Please repeat exactly the lines below from the one containing "Kitchen - 6426" down to the one containing "Toyota Land Cruiser", both included, and nothing else.

Data entries:
=====
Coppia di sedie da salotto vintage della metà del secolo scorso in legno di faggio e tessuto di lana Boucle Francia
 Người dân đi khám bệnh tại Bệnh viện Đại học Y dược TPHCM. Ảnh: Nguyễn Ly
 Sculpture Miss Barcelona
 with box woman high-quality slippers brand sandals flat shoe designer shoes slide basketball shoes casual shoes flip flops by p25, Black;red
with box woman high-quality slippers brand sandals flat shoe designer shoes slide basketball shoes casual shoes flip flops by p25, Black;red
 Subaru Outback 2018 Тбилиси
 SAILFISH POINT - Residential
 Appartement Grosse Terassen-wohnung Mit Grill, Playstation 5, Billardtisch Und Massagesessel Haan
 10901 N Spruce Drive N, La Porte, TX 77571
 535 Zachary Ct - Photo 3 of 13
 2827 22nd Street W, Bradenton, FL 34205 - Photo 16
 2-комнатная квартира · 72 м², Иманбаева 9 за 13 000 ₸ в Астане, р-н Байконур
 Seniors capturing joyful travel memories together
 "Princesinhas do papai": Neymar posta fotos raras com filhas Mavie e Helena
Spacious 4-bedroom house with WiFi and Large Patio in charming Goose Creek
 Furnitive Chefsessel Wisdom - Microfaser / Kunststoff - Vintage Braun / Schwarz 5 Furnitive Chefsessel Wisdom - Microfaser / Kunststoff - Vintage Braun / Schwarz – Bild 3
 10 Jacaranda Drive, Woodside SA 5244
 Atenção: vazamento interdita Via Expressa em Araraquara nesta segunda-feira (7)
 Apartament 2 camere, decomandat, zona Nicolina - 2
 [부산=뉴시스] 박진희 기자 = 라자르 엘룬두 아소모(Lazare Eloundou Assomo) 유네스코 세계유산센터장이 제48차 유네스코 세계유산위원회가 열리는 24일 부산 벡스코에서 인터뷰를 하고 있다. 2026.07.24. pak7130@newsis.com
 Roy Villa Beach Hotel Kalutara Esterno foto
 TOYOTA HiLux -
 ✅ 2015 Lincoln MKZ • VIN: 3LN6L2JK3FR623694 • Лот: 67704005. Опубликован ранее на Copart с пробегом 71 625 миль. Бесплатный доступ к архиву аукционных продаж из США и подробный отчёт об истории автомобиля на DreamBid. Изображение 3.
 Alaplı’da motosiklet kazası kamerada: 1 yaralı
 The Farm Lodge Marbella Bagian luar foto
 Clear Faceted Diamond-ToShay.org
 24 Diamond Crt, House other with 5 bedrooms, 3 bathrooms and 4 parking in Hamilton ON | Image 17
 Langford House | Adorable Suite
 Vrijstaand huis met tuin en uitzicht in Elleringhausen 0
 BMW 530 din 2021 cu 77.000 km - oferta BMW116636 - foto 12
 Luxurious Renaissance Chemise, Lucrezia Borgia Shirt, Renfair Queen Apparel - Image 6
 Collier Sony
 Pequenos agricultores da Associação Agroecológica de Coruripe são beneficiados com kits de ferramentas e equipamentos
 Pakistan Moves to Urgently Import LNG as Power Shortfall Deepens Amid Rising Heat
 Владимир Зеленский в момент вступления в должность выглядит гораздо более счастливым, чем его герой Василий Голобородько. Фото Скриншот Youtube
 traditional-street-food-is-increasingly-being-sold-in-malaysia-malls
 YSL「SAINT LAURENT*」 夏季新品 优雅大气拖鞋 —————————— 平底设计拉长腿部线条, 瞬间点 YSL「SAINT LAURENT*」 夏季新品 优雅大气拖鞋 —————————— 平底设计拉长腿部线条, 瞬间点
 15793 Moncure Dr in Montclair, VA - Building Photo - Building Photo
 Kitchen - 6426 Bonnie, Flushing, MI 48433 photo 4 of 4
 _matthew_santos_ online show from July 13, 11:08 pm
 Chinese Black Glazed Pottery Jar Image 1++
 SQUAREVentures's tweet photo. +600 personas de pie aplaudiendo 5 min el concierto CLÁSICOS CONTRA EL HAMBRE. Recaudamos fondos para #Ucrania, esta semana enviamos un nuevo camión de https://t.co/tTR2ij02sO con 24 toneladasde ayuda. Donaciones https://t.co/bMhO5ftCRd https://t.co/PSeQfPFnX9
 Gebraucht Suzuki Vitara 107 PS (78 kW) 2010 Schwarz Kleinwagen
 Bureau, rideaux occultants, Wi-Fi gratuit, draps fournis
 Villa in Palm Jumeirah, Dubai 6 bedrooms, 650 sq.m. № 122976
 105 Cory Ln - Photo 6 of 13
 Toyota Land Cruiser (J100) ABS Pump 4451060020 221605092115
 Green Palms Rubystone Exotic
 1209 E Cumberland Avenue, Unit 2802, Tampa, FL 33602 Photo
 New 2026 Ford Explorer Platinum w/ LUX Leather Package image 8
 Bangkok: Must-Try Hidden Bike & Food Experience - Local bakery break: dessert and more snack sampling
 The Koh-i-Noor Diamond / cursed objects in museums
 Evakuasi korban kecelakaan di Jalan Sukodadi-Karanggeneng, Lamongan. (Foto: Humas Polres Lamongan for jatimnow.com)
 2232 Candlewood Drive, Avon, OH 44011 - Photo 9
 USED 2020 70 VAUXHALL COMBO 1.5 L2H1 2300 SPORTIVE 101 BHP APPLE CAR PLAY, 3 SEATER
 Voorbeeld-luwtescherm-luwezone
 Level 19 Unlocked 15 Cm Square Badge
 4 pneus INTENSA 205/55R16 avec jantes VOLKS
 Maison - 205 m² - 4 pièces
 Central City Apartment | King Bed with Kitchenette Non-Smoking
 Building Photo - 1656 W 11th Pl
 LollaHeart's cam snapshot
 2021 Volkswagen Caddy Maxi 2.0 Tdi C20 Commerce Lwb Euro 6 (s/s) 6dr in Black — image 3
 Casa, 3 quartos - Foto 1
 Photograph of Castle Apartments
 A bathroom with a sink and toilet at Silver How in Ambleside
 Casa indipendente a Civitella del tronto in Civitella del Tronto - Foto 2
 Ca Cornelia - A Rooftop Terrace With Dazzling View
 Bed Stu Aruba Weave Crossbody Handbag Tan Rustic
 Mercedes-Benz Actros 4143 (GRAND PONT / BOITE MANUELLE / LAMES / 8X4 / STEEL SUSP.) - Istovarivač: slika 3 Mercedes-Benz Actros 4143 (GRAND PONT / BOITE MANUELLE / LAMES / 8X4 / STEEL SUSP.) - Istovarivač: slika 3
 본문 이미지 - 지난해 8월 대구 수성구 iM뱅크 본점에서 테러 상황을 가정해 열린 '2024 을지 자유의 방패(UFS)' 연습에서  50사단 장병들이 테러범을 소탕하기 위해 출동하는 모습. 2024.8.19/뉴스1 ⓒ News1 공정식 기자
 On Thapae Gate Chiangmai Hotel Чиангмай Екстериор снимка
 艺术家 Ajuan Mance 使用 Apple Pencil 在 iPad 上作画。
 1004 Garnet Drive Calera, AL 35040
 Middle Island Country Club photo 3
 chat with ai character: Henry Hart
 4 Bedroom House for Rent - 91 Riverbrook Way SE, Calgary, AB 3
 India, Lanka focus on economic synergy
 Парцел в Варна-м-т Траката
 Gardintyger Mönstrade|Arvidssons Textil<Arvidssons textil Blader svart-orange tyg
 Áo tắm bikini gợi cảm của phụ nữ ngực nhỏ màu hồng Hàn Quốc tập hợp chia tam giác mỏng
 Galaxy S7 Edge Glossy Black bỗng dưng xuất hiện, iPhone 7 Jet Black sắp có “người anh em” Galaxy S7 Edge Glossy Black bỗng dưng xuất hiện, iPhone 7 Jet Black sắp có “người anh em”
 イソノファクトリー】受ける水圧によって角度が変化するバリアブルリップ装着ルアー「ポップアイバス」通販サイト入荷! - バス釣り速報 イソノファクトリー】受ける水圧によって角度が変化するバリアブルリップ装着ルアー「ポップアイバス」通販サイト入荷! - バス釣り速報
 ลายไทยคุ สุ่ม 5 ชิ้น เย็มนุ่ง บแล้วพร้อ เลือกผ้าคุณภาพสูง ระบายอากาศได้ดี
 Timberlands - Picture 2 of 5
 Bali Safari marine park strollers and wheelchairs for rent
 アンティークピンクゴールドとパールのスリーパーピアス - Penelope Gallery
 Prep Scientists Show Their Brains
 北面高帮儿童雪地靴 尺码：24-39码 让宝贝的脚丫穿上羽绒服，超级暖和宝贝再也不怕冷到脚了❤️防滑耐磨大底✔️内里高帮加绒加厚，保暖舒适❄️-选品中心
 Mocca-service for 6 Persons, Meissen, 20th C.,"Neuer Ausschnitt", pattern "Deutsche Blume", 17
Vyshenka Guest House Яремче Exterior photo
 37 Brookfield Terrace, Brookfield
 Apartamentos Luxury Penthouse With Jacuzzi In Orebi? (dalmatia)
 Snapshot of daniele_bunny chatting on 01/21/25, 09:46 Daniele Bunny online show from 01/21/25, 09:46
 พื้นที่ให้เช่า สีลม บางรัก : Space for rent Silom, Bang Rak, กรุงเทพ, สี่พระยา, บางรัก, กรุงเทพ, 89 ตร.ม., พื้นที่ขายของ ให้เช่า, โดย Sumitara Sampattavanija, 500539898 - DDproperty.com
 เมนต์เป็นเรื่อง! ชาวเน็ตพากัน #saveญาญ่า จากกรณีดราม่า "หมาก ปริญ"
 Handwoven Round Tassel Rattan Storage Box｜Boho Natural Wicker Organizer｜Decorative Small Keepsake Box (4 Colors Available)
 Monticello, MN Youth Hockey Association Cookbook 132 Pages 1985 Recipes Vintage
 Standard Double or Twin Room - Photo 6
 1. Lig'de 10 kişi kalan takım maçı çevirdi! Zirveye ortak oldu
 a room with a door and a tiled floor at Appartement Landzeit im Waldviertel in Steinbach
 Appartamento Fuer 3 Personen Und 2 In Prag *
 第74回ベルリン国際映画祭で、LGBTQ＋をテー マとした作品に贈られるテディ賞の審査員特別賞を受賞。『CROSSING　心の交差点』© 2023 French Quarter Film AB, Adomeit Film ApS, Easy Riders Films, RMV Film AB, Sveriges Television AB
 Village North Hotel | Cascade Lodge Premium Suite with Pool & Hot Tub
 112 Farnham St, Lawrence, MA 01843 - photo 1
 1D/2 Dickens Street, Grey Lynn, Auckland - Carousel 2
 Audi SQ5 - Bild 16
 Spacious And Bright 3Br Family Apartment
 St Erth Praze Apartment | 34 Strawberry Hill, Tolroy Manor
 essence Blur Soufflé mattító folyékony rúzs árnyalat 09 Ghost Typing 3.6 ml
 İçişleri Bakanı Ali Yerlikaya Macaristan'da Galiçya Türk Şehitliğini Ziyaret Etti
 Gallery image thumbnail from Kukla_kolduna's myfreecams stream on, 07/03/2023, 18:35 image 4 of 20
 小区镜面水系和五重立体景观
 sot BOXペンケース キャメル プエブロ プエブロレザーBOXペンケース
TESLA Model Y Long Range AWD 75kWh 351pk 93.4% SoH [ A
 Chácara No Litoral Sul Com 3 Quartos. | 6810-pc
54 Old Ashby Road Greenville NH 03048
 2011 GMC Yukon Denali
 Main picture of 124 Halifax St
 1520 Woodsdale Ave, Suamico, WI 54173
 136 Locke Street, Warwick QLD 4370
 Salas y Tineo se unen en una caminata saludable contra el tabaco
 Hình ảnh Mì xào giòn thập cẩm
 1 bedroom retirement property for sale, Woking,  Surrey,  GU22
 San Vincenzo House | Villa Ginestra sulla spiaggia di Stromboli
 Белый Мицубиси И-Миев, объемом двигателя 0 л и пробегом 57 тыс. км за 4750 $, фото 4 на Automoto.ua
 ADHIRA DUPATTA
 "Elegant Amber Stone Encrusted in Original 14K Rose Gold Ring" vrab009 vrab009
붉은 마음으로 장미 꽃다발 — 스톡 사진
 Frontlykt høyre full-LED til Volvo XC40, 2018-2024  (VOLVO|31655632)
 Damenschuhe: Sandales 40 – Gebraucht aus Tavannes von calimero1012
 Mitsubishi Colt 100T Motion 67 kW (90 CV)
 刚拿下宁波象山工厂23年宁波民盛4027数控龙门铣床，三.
=====
→ **Result of this task**:
 Kitchen - 6426 Bonnie, Flushing, MI 48433 photo 4 of 4
 _matthew_santos_ online show from July 13, 11:08 pm
 Chinese Black Glazed Pottery Jar Image 1++
 SQUAREVentures's tweet photo. +600 personas de pie aplaudiendo 5 min el concierto CLÁSICOS CONTRA EL HAMBRE. Recaudamos fondos para #Ucrania, esta semana enviamos un nuevo camión de https://t.co/tTR2ij02sO con 24 toneladasde ayuda. Donaciones https://t.co/bMhO5ftCRd https://t.co/PSeQfPFnX9
 Gebraucht Suzuki Vitara 107 PS (78 kW) 2010 Schwarz Kleinwagen
 Bureau, rideaux occultants, Wi-Fi gratuit, draps fournis
 Villa in Palm Jumeirah, Dubai 6 bedrooms, 650 sq.m. № 122976
 105 Cory Ln - Photo 6 of 13
 Toyota Land Cruiser (J100) ABS Pump 4451060020 221605092115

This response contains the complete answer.